L'anatocismo bancario

Le problematiche connesse all'anatocismo bancario continuano ad essere motivo di contenzioso per una pluralità di ragioni che derivano perlopiù dai diversi orientamenti giurisprudenziali in essere.

anatocismo bancario

1. Cos’è l’anatocismo bancario?

L'anatocismo bancario è uno dei principali oggetti di contenzioso tra le banche e i loro clienti. Esso si sostanzia nella pratica secondo la quale gli interessi che maturano sul conto corrente bancario vengono addebitati direttamente sul conto e, pertanto, su di essi maturano ulteriori interessi.

Pertanto, si può affermare che l'anatocismo consiste nell'applicazione di interessi su interessi che sono già scaduti ossia che sono maturati sulla somma capitale e che, a seguito della c.d. capitalizzazione, vengono presi come base di calcolo per nuovi interessi.

2. L'anatocismo bancario: Disciplina

L’anatocismo nel nostro ordinamento è contemplato e disciplinato dall’art. 1283 c.c. secondo il quale gli interessi scaduti possono produrre interessi solo dal giorno della domanda giudiziale o per effetto di convenzione posteriore alla loro scadenza, purché siano interessi dovuti da almeno sei mesi.

Da tale principio consegue che il giudice può eventualmente condannare al pagamento di interessi su interessi solo se alla data principale gli interessi principali erano già scaduti e vi è un'apposita domanda del creditore o sia stata stipulata una convenzione posteriore alla scadenza degli interessi.

L’art. 1283 c.c. è, pertanto, sintomatico dello sfavore con cui il legislatore ha valutato la pratica di capitalizzare gli interessi, così come sono contemplate altre restrizioni per interessi superiori a quelli legali.

Tuttavia, le banche hanno continuato ad applicare la capitalizzazione trimestrale degli interessi, supportata da varie pronunce giurisprudenziali. A tal riguardo, occorre citare l’art. 25 del D. Lgs. n. 342/1999, co. 2, che ha aggiunto un nuovo comma all'art. 120 del D. Lgs. n. 385/1993 (Testo Unico Bancario), prevedendo la possibilità di stabilire i criteri di calcolo, purché periodico, degli interessi sugli interessi, maturati nell'esercizio dell'attività bancaria.
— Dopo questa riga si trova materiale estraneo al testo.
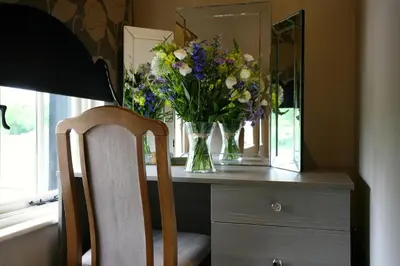 a vase of flowers on a dresser with a mirror at The White Hart in Great Yeldham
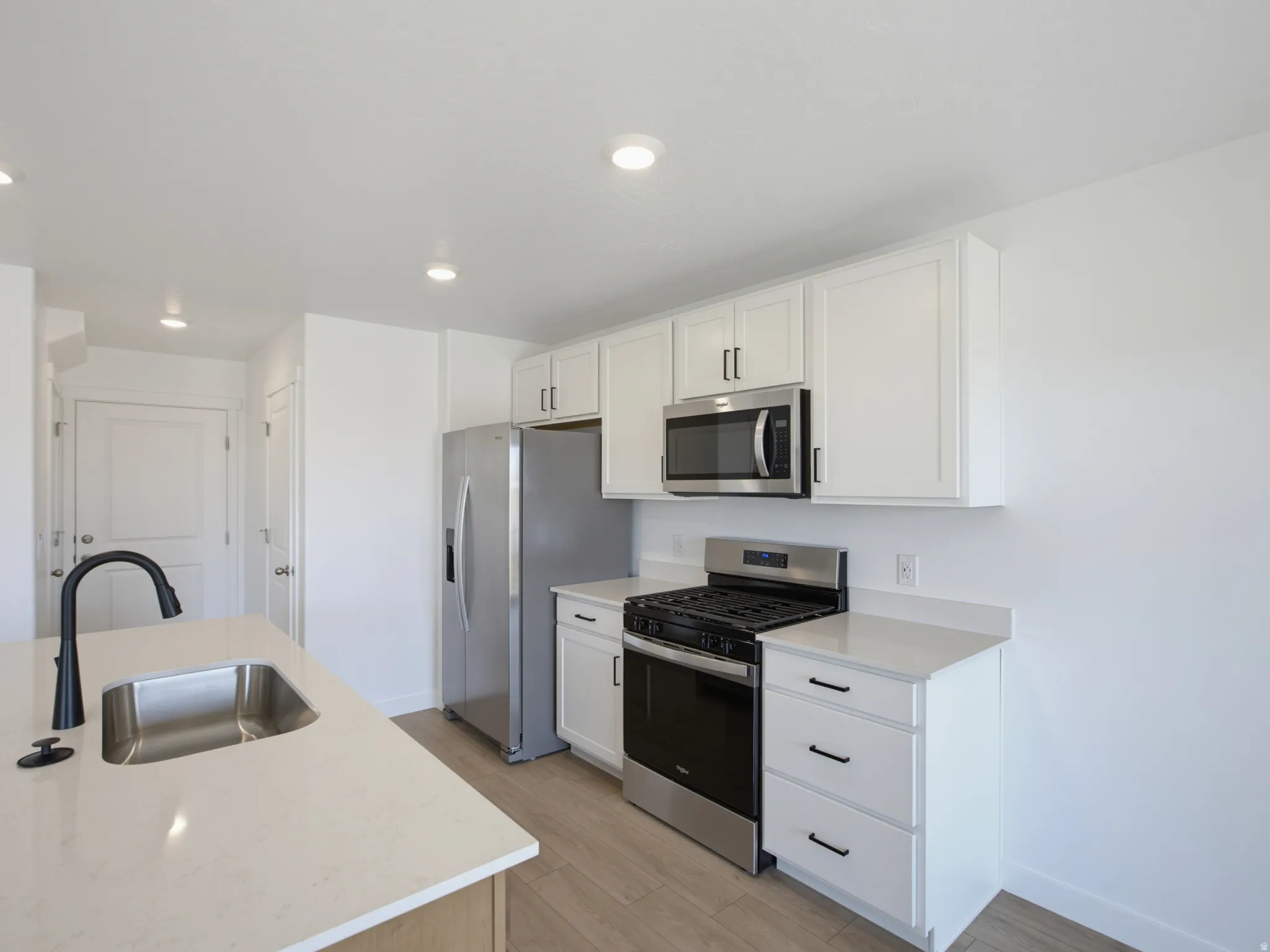 Modern kitchen featuring white cabinetry, stainless steel appliances, quartz countertops, and wood-finish flooring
Con una norma transitoria, inserita nel decreto n. 342/1999 il legislatore aveva contemplato una sanatoria per i contratti conclusi prima dell'entrata in vigore della nuova disciplina, salvandone le clausole di capitalizzazione trimestrale. Tuttavia, la Corte Costituzionale con sentenza del 17 ottobre 2000, n. 425, ha dichiarato illegittima la suddetta norma transitoria, per violazione dell'articolo 77 della Costituzione.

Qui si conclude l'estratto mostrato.